Now here is our before and after, some pretty interesting color change. Now let's say also I want to change to the wall. If I want to change the wall I'm going to go back to Image > Adjustments > Replace Color and this time I'm going to click on the wall. Now I'll grab my Eyedropper which has a Plus icon next it, I'm going to go ahead and click around everywhere, in the image, I want to make sure I get all of these different tones. I can also click in the Mask and then at some point in order to check my Mask I need to modify my Hue adjustment.
I'll go ahead and modify that this way, make sure I have all of the background selected, de-saturate just a touch there, little bit brighter and then try out some different Hues and that green is kind of fun, click OK to apply that. Now I have created pretty, it's a real color effect. Yet none of that's kind of interesting, here is our before and after. So as you can see, you can use that Replace Color Command in order to dial in the specific colors. Now it's important that you do this on a new layer so that you have flexibility, because let's say at this point, I say you know what, I like this except I don't like the background, I just wish I'd change the colors of these two pots.
Well now I can grab the Quick Select tool and quickly paint across one, hold on the Shift key, paint across another and then click on the Add layer Mask icon, so now I have an adjustment which is just effecting those pots and let's say that I want to then change the color even further. Well check this out. We go to our Adjustment Layer we click on Hue Saturation, modify the Hue, then go back and close that for a moment and what we want to do is create what's called the Layer Clipping Mask, we have talked about this before. Hold down the Option key on the Mac/ Alt key on a PC, hover over those two lines. This adjustment now is changing just the color of those pots, you can also access out by going to your Adjustment Layer and clicking on this icon here so that you can limit that colors adjustment to the layer underneath it.
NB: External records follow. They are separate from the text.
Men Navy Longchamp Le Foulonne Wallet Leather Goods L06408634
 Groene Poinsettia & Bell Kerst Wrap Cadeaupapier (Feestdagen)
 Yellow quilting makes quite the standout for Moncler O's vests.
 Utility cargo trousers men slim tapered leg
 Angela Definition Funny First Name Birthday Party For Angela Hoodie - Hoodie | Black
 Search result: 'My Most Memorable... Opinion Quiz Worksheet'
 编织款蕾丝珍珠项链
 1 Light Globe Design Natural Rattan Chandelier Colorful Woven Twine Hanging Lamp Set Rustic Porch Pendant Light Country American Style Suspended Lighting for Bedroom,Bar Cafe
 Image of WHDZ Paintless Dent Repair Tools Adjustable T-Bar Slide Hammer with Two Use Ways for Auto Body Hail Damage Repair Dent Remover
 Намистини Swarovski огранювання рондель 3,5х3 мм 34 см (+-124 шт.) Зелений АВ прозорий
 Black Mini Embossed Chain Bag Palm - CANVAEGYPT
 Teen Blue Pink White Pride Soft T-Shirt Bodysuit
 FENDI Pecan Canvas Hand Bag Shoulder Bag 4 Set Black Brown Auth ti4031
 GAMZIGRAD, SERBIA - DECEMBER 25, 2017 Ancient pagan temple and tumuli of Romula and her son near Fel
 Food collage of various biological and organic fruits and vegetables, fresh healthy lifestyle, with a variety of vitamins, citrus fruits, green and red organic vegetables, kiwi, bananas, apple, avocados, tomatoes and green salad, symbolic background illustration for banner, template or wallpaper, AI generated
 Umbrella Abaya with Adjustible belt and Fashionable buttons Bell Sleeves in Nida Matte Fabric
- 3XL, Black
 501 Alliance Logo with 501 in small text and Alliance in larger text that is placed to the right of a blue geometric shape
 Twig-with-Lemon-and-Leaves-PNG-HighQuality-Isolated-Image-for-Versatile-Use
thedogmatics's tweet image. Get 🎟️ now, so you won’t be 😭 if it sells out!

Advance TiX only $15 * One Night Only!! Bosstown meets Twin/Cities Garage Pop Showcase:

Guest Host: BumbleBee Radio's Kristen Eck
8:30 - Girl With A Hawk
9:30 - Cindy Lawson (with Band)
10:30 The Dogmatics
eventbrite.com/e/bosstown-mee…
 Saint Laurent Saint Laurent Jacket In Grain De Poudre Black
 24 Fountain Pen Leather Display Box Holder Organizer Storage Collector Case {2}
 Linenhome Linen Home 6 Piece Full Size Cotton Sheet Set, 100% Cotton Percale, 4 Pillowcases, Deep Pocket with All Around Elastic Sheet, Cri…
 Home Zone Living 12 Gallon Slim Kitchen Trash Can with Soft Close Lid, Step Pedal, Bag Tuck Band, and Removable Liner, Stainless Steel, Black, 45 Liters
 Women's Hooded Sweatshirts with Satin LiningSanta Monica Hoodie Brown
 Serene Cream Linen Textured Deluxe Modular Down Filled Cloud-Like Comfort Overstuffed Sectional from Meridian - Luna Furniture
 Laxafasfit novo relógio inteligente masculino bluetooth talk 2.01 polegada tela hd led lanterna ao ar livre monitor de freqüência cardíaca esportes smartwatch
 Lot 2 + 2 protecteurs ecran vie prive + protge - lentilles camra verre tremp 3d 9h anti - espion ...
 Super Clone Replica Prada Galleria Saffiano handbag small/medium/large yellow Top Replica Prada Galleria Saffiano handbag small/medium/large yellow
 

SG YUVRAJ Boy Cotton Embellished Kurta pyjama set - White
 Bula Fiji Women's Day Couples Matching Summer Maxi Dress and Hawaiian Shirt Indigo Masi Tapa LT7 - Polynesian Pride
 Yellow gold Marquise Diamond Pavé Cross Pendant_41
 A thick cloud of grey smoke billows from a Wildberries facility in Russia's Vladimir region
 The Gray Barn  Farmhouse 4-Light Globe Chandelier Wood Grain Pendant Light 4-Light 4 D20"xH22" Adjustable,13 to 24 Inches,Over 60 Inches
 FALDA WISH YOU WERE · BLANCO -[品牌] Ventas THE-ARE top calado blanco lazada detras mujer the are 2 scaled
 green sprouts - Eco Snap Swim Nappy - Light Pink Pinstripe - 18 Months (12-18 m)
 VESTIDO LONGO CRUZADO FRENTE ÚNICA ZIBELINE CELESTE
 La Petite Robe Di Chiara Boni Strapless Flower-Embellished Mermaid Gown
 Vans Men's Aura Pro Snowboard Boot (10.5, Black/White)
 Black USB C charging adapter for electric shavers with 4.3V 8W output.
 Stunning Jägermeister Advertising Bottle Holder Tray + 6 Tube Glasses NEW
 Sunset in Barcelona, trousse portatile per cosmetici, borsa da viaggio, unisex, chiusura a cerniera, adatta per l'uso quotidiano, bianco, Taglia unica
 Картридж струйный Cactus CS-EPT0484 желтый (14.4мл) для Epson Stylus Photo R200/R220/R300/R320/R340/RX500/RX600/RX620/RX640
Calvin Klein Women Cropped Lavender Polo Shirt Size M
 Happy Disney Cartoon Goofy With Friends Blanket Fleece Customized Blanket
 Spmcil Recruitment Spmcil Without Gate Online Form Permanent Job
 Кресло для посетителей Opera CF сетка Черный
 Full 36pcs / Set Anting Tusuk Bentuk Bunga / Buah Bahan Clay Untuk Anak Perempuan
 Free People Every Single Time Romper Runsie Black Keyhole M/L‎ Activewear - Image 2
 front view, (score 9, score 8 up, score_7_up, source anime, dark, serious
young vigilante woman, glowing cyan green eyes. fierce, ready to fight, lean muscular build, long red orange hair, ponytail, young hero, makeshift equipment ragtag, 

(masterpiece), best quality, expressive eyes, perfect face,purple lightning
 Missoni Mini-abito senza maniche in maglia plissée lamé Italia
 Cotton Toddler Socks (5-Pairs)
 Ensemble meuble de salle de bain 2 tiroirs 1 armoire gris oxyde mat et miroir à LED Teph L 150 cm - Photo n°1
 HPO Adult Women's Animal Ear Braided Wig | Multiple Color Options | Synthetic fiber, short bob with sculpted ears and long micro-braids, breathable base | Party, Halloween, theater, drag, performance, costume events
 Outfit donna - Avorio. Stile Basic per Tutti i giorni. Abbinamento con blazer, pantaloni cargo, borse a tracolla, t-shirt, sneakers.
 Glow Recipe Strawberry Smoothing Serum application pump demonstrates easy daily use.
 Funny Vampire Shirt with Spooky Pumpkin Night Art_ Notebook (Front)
In this case I can fully change the color of those pots any which way and I can also control the overall Intensity of the color as well. Double Clicking the Adjustments Tab will close that in summary what we have done here. It is talked about how when you use Replace color to get it, I need to copy the layer because you need to the ability to be able to Undo what you have done. Then we've talked about how we can then Mask in specific areas so that we can just modify specific areas of our image and then finally we looked at how we can create what's called a Layer Clipping Mask in order to further adjust the Layer that we have modified.